Il a fallu 43 heures pour venir de Suisse au Kosovo, les exilés se plaignent de bloquer les frontières

Une famille kosovare s'est plainte de nombreux blocus sur le chemin de la Suisse au Kosovo. Selon la famille islamique, leur terrible voyage “a duré 43 heures, où il a été dit que l'impasse de la circulation à la frontière de Bajakova entre la Croatie et la Serbie était “et “inacceptable, en particulier pour les enfants”. La famille [...]

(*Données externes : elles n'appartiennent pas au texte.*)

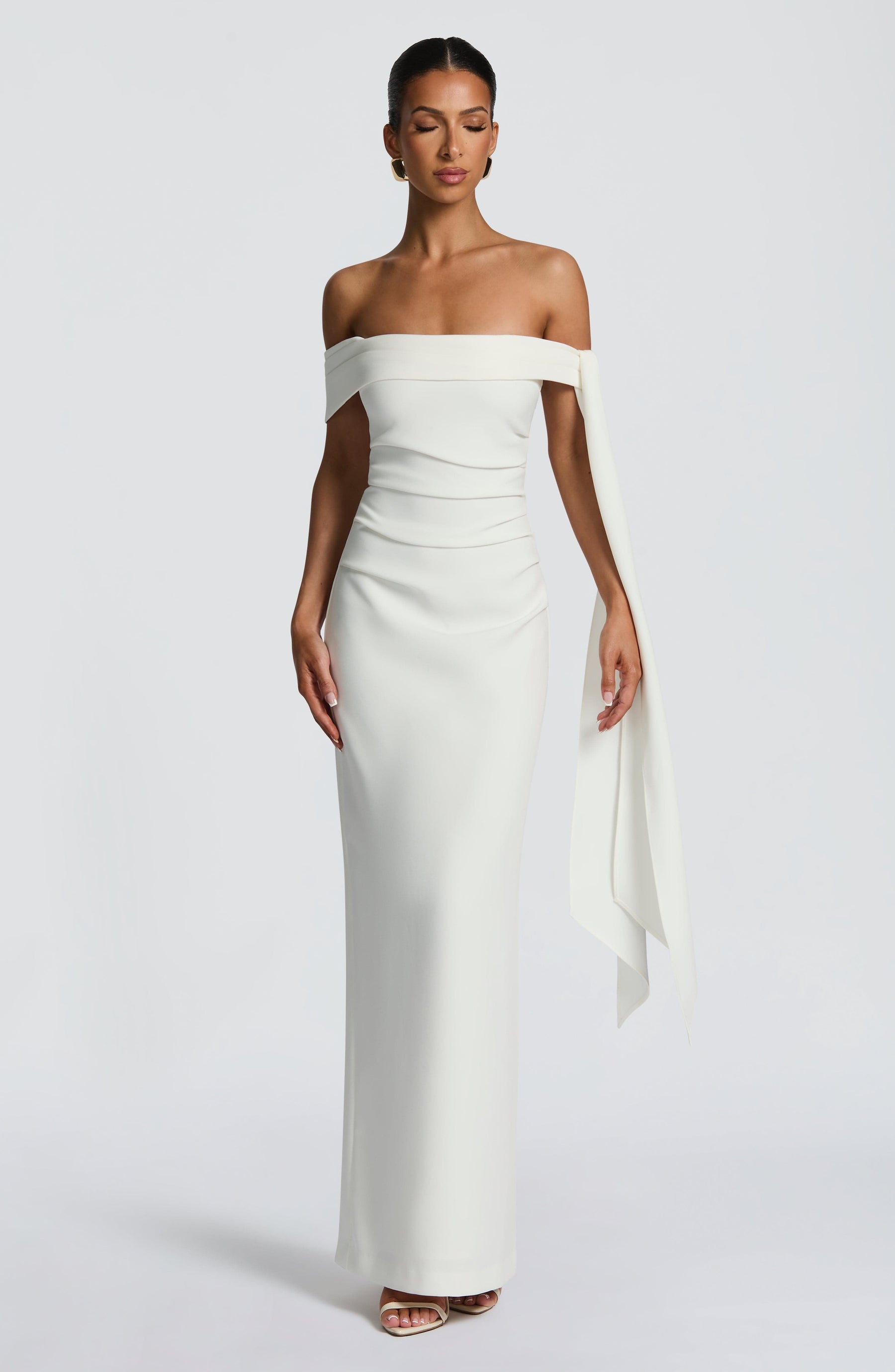 Addie Maxi Dress - Ivory R.F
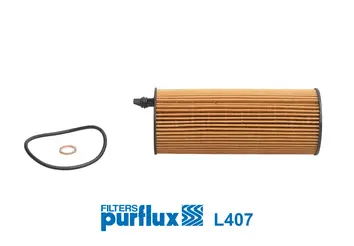 L407 PURFLUX Масляный фильтр (фото 1)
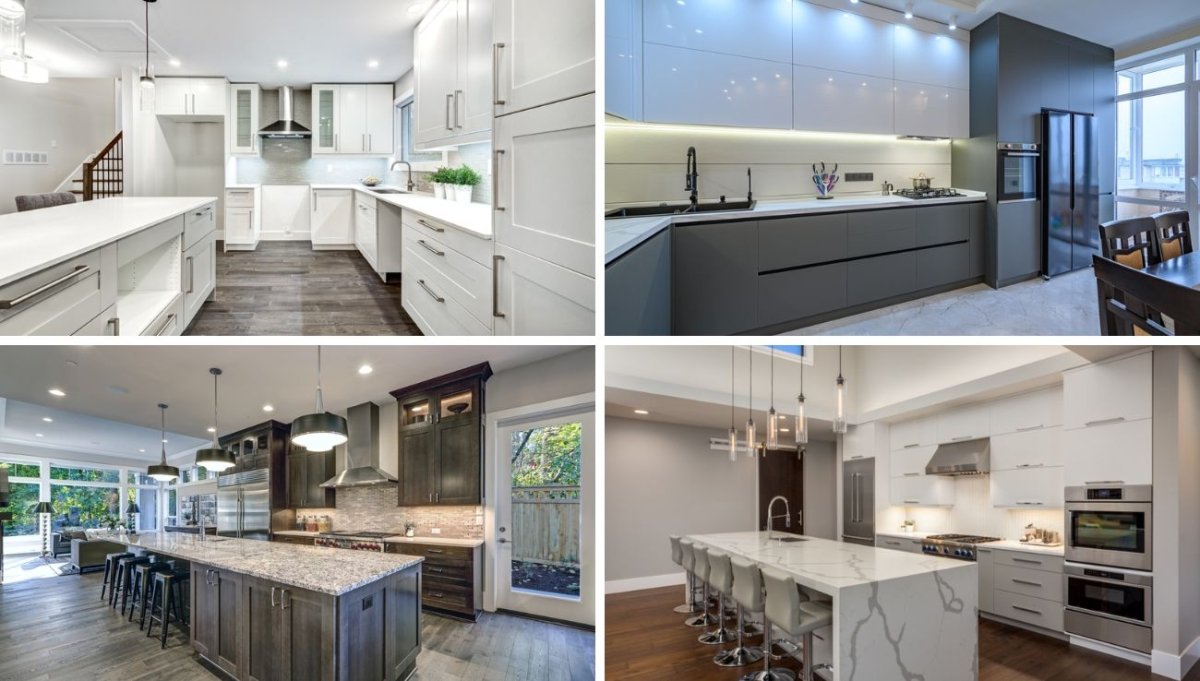 How to Choose the Right Kitchen Cabinets – BUILDMYPLACE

Une famille kosovare s'est plainte de nombreux blocus sur le chemin de la Suisse au Kosovo.
Selon la famille islamique, leur terrible voyage “a duré 43 heures, où il a été dit que l'impasse de la circulation à la frontière de Bajakova entre la Croatie et la Serbie était “et “inacceptable, en particulier pour les enfants”.
La famille Islami a quitté Berne vendredi à 14 heures et est arrivée au Kosovo dimanche à 8 heures, passant par l'Autriche, l'Allemagne, la Slovénie et la Croatie. Alors que le début du voyage s'est déroulé sans heurts, la situation s'est considérablement détériorée à la frontière croate-serbe, où un embouteillage long et constant a laissé tout le monde sans espoir, écrit Albinfo.at.
Il n'y avait pas de progrès, et le pire était: il n'y avait pas de fin à”, l'exil de la famille islamique a parlé. D'autres ont signalé des problèmes similaires au cours du week-end.
L'islam critique la situation, blâmant l'UE pour sa non-intervention, la Croatie pour son chaos du côté de la frontière et la Serbie pour le manque de points frontière ou d'efficacité dans les frontières existantes.
Il exige des processus de traitement des voyages plus rapides et un plus grand nombre d'employés, en particulier pendant la saison.
Le principal problème, selon l'islam, est le recensement de toutes les personnes qui ne possèdent pas de passeport européen, un processus qui prend en moyenne 5-10 minutes par voiture. Ceci, combiné au volume élevé de trafic, conduit à de longs embouteillages et frustration des voyageurs.
Malgré les difficultés rencontrées, la famille islamique est heureuse d'avoir atteint sa destination et espère que la situation s'améliorera à l'avenir. Ils appellent à une meilleure coopération entre les pays des Balkans et à des investissements dans les infrastructures frontalières afin d'éviter de répéter de telles situations.